Kerena itu Sasuke tak ingin hal ini segera berakhir. Ia ingin semua tetap seperti ini. Kalau ia harus menulikan telinganya atau membutakan matanya ia akan lakukan. Bahkan untuk menghilangkan akal sehatnya. Akan ia lakukan bila itu cukup untuk tetap menjaga keadaan ini dalam suatu keabadian.
Sasuke mendambakannya . . . selalu.
Karena sejatinya ia telah jatuh cinta pada sosok rupawan dihadapannya ini.
Naruto . . .
"Terima kasih."
"Hhm?"
"Terima kasih . . . untuk semuanya,"
"Hahahaha memangnya kita apa sampai kau harus berterima kasih seperti itu?"
"Sabahat yang sesekali melakukan sex denganku, mungkin," Bercinta karena cinta
"Hahahaha,"
Yeah, I know Dobe.
Naruto hanya mampu memejamkan matanya. Ini bukan pertama kalinya mereka berucap seperti itu tapi tetap saja ini menyakitkan. Tapi ia tak peduli. Meski ia tetaplah eksistensi rapuh . . . yang butuh dihargai dan dicintai. Naruto tak peduli. Ini semua sudah lebih dari cukup.

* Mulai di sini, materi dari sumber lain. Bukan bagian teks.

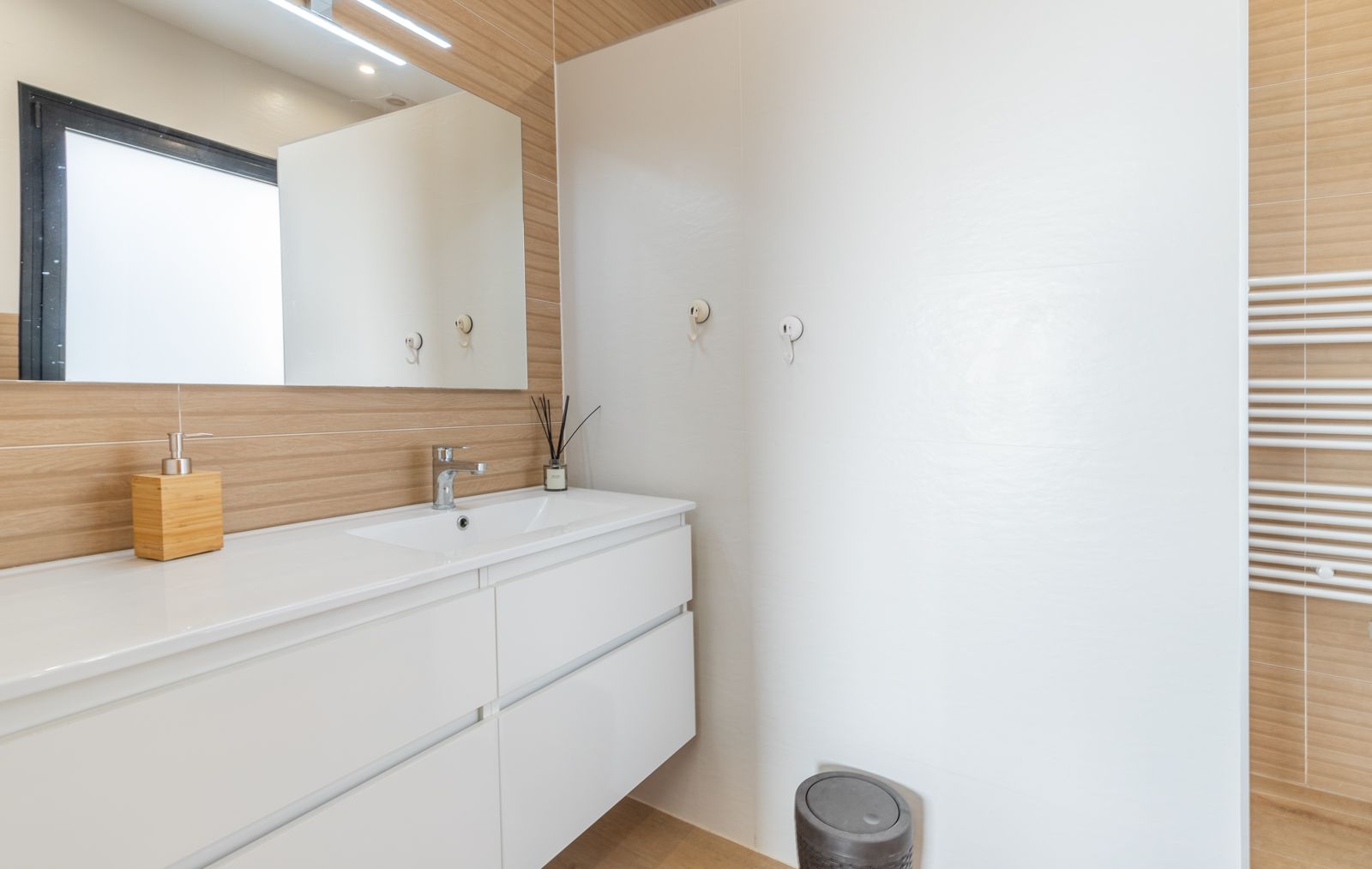Modern bathroom featuring a floating white vanity with integrated sink, wood-effect wall tiling, and a large mirror with overhead LED lighting and a heated towel rail.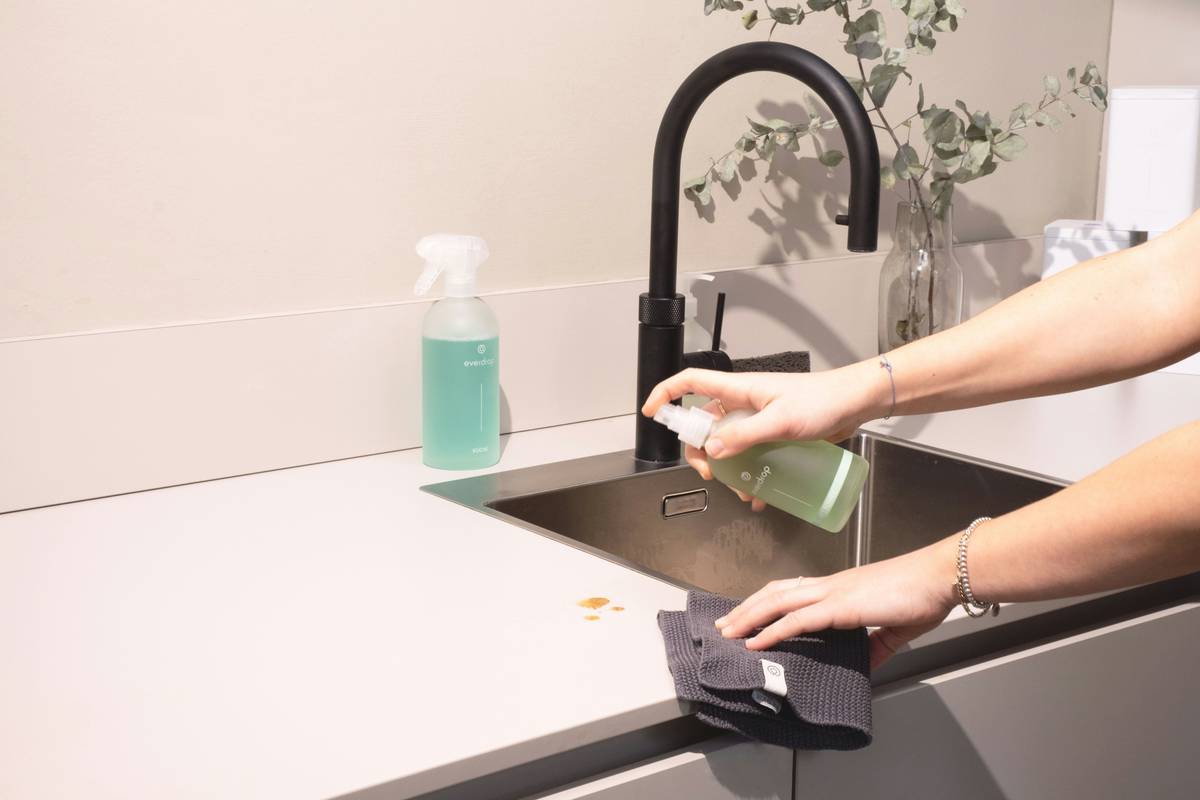 Eco home cleaning services using reusable glass bottles and plant-based concentrates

Sepasang tangan tan mulai melingkari pundak Sasuke. Membawa sang terkasih untuk kembali dalam peluknya. Naruto lantas bersandar pada bahu kouta. Membenamkan wajahnya pada perpotongan lehernya.
"Sas,"
"Hn,"
"Aku punya tujuan baru,"
"apa itu?"
"Tetap disampihku. . .
...selamanya."
I won't let it end. Although it hurts,Teme.